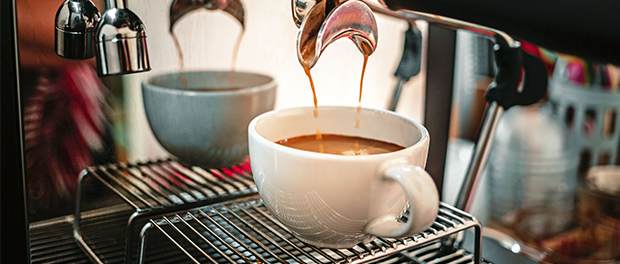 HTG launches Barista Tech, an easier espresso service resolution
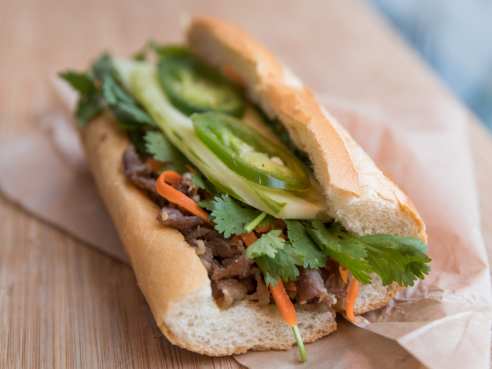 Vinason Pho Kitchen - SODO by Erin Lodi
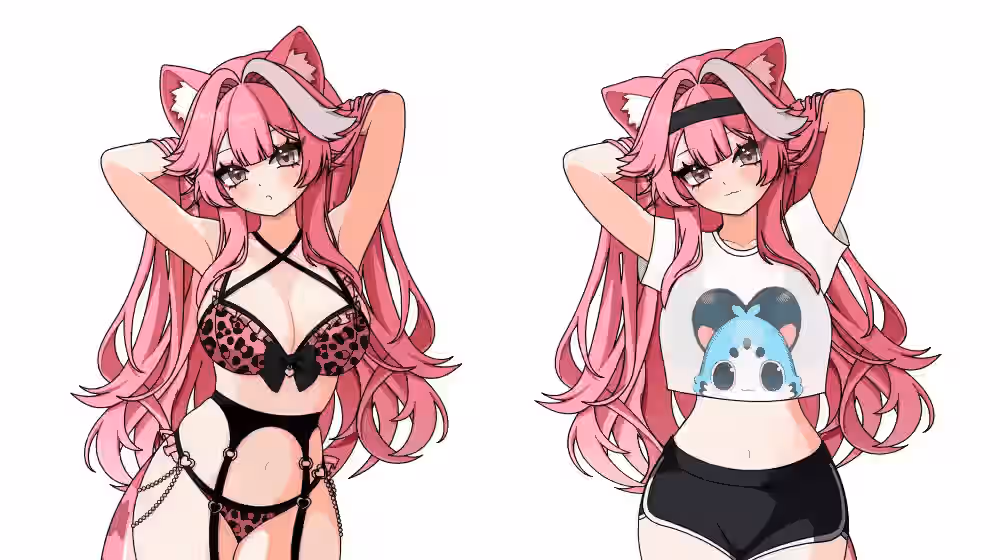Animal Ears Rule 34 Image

* * *

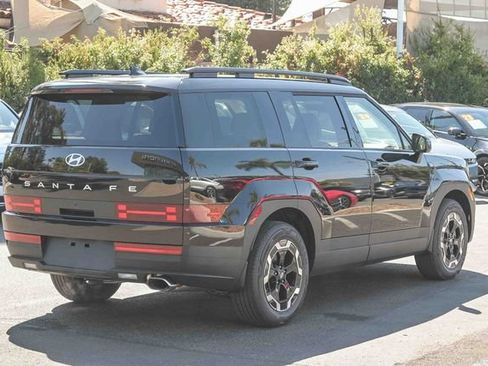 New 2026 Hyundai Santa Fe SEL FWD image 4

### WHAT THE TASK REQUIRES
Only the lines starting at the one with "HTG launches Barista" and ending at the one with "Animal Ears Rule 34 Image" should be printed, each exactly as it appears in the material above; the pictures are to be omitted.

### REPLY TO THE EXERCISE
 HTG launches Barista Tech, an easier espresso service resolution
 Vinason Pho Kitchen - SODO by Erin Lodi
Animal Ears Rule 34 Image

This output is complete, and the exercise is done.